夏留也終于在想不出什麽辦法的懊惱中漸漸進入了夢鄉。卻正在這時,房門咔的一聲被轉開了,門推開,又關上,一個嬌小的身影悄無聲息的鑽到床上。先是伸手在夏留的臉上來回晃了幾下,發現睡着了,點了點頭示意自己很滿意,随後拉起被子鑽進被窩,又拉起夏留的一條胳膊,很霸道的躺在上面,找了一個舒服的姿勢好似小貓一樣依偎在夏留懷裏,閉上眼睛準備睡覺。
就這樣……安靜了好久。
突然,那個偷偷進來的人說話了。
“你心跳加快了。”
夏留苦着臉睜開眼睛,無奈道:“我也是……人呐……我說小小啊,我發現你今天真的怪怪的……”
進來的正是小小,她身上穿着一件寬大的連衣裙,能外穿,也能當睡衣。
她頭也沒有擡,依舊很平淡的說道:“那你是想讓我走,還是留下?”
“唔……這個……”
夏留腦門上的青筋直蹦,他很想說‘那你就先走吧’,可是不管是腦袋還是身體亦或是……他那被枕着的手臂,沒有一處想讓小小離開的。
小小這時才擡起頭說道:“不說?那我走了。”
說着還真的要起身,卻被夏留一手給拉住了,又把她摟在懷中。
夏留突然表情陳靜了下來,雙手用力抱了小小一下,讓她整個身體都貼近自己的胸膛,随後用難得一見的溫柔的聲音輕聲說道:“讓我再抱一會吧,好嗎?”

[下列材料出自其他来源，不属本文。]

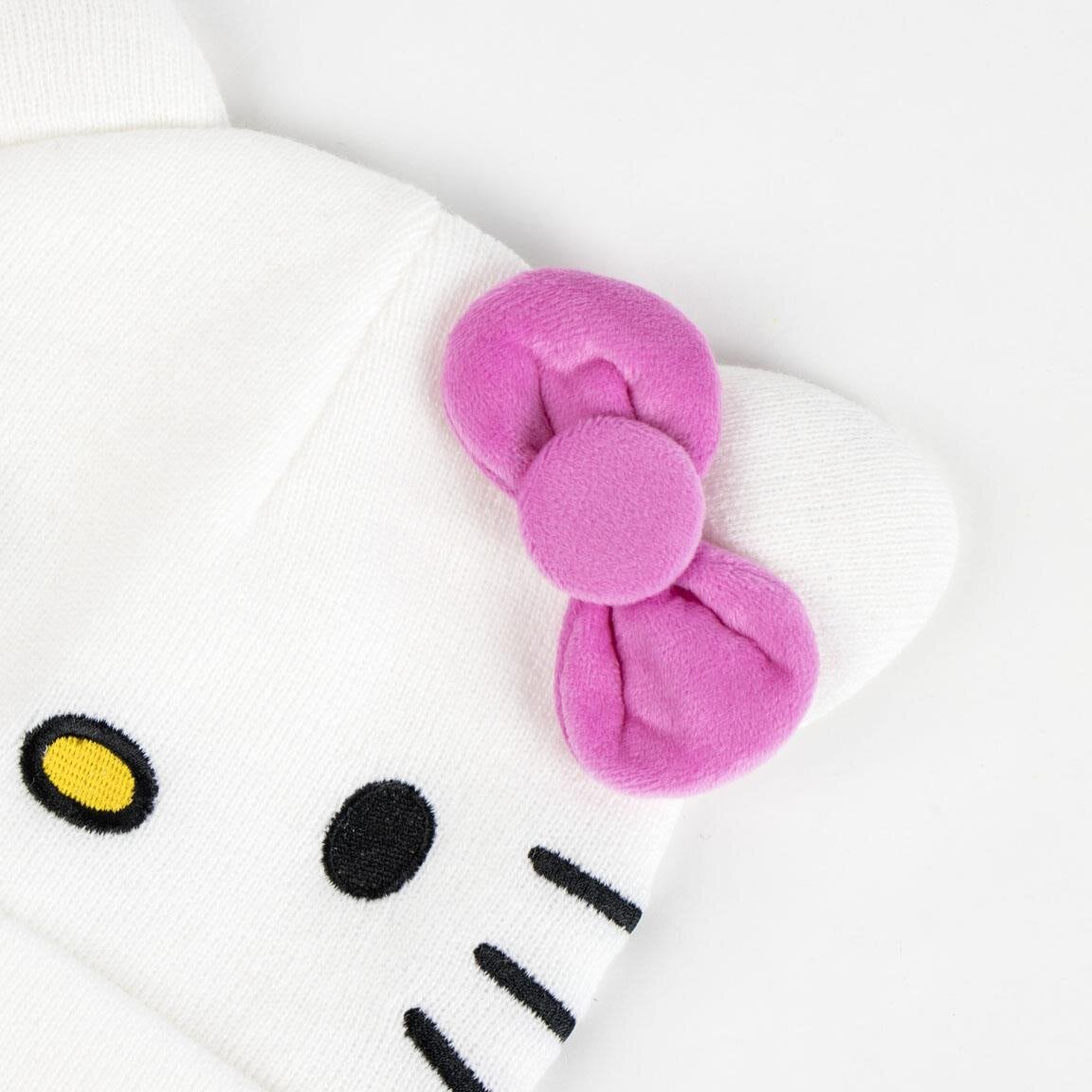 Hello Kitty - Pipo korvilla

小小一下子就愣住了,半響之後再次把頭埋進夏留的胸口,用很低的聲音輕輕的‘嗯’了一聲。
一夜……無話。
夏留什麽都沒有做,真的就是這樣小心的摟着小小,仿佛是摟着一件稀世珍寶,不敢用力,卻絕不放松。而小小則是很安然的睡了個飽。她不用擔心或者說是‘期待’夏留突然來一個‘獸性大發’。她清楚的記得,在夏留從國外回來的時候,當他第一眼見到自己的時候,也是這種眼神……明明在看着自己,卻仿佛看的很遠,看向天際。
小小知道夏留心裏有一處無人能夠觸及的傷痕,碰不得,問不得,但她卻有自己獨特的方法去試圖平複它。比如……就這樣讓他摟着,感受着他越來越平緩的心跳。
那心跳的聲音真的很好聽,有力……卻無比的溫柔。
……
“這可……怎麽辦呐?”
一大早上,夏留就又開始犯愁了,看着小小在屋子裏面梳理着長長的頭發,他知道小姑娘害羞了,起來晚了,不敢在這時候走出去,萬一……不是萬一,是肯定會被醫院裏的人看到。從醫生護士一直到病人,誰不知道她小小是誰?又有誰不知道這裏是夏醫生的房間?
聽到夏留的嘟囔,小小用她那看起來很漂亮的‘死魚眼’盯着他,說道:“拜托你可不可以不要這樣唉聲歎氣的?這樣就會想到辦法嗎?”
夏留眼睛一亮,忙問道:“你有辦法?”
“沒有。”
“切!”
“不過我有一個電話,我之前調成震動了,響了一早上。”
說着就将電話遞給了夏留,夏留費解的一看,發現上面竟然是個‘未知來電’。夏留眼睛再次亮起,小小的手機裏面因爲夏留‘業務’和瘦佛診所‘業務’的關系,幾乎囊括了城市中所有中高層的号碼。未知來電,這就證明有人不知從哪裏弄來了他的号碼,第一次打過來的……城市圈子外的人!
‘外面的人’,總是會給夏留帶來一些驚喜。
又把電話遞回給小小,說道:“你打回去,問問是什麽事。”
小小點頭,回撥,等了大概兩秒,對方就接了起來。小小把電話設成免提。
“請問是夏留夏醫生嗎?”
電話那頭馬上傳來一個中年男子的聲音。
夏留沖小小點了點頭,小小立即說道:“這裏是瘦佛診所出診部,主治醫生是夏醫生。”
“哦,那太好了,請問夏醫生有時間嗎?我們首長想要跟他商量一些事情。”
‘首長’?!
夏留眼睛猛地亮了起來。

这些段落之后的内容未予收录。